Finally, we reached the southernmost point our cruise boat would travel -- Aswan. First thing in the morning, we headed out to the high dam. As you can imagine, we were expecting something like the Hoover Dam with a giant drop and massive power turbines. Well, it's a really important dam because it allows the country to control the annual Nile flooding and protect homes and farmland. Apparently, it just didn't need to be so massive to do that.

The dam is located at the first cataract -- place where the Nile gets too choppy to navigate and generally the southernmost reaches of the Upper Kingdom of Egypt. As the water pooled behind the dam to form Lake Naser, several temples, towns and other human development were at risk of being submerged. You may have heard of the rescued temple at the Metropolitan Museum of Art (see "Don't Eat the Pictures" starring Sesame Street gang). Someone else funded moving Abu Simbel temples to higher ground, but still in Egypt.

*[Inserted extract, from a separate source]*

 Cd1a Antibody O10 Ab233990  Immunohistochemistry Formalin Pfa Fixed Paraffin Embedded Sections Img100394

Our next stop in Aswan was Philae Temple. We arrived at a smoggy little cove filled with small motorized ferries. I was a little saddened by the quantity of exhaust being produced by having this be a touristy place.

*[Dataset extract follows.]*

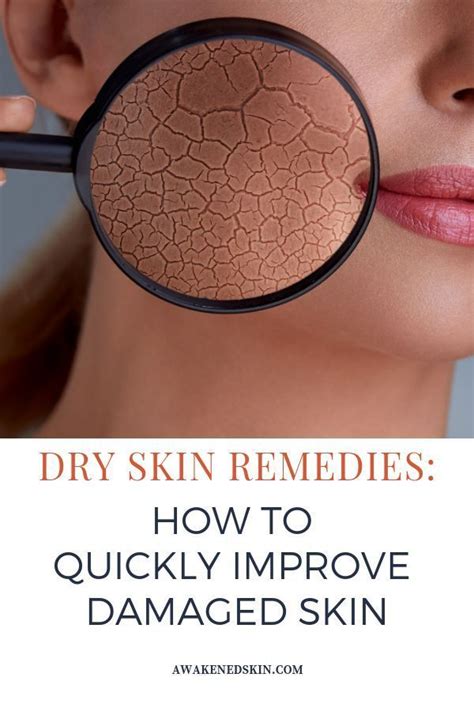 Dry Skin Remedies How To Quickly Improve Damaged Skin Natural Skin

The temple was really spectacular, though, sitting alone on its little island. The original island was submerged just a few yards away and you could still see the rocky tips of that island, plus some sticks rising from the water marking where the temple used to stand.

The location of this temple was threatened by the English dam installed before and just a little down river from the High Dam. There were mud marks on the temple and the nearby islands showing the flood levels after the English Dam was installed and before the temple was relocated.

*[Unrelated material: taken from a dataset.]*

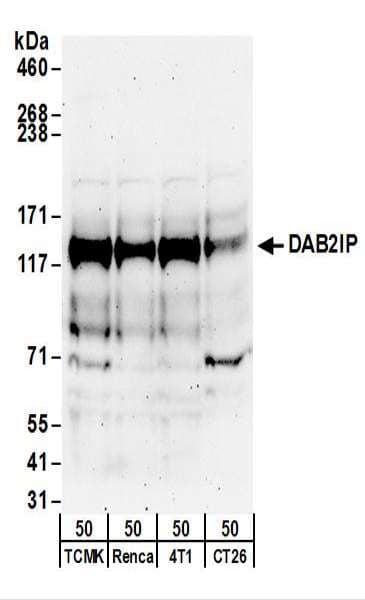 Polyclonal Rabbit anti-Human DAB2IP Antibody (aa850-900, WB)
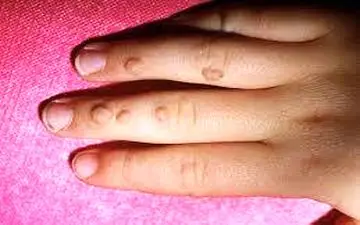 آیا زگیل‌های پوستی خطرناک هستند؟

Philae Temple had some fun history, including being a refuge for early Christians escaping Roman persecution. With such a southerly location, the temple was definitely a stretch for Roman control. So the Christians scraped the faces off the deities on the walls, modified altars, put crosses on entrances, even cooked and lived in parts of the temple.

Dan was impressed by this temple resident, who had assumed the classic Egyptian Sphynx pose for the photo.

During a tour of the Nile River in Aswan, we visited a botanic garden and noticed a lovely ficus tree. Dan wistfully recalled his beloved ficus, which we have entrusted to our sister-in-law Shirley's care in Atlanta. We wanted to share this picture of the ficus with Dan's tree to encourage it to continue to flourish in its new environs.

For our second day at Aswan, I rested because I was pretty darned tired. Dan got up way before the crack of dawn and took a bus to Abu Simbel. This temple kind of marked the southernmost point of the Upper Kingdom during the reign of Ramesses II. It's a temple deifying himself and another one deifying his favorite wife, Nefertari. Dan was fascinated on the three-hour ride back to Aswan through the Sahara as it was his first encounter with mirages. They're difficult to capture on film, but you can see here how the hills look like they have reflections in some water just in front of them. Luckily, Dan was in a nice air-conditioned bus with a cooler full of bottled water and a police escort for quick communication to help if the bus broke down.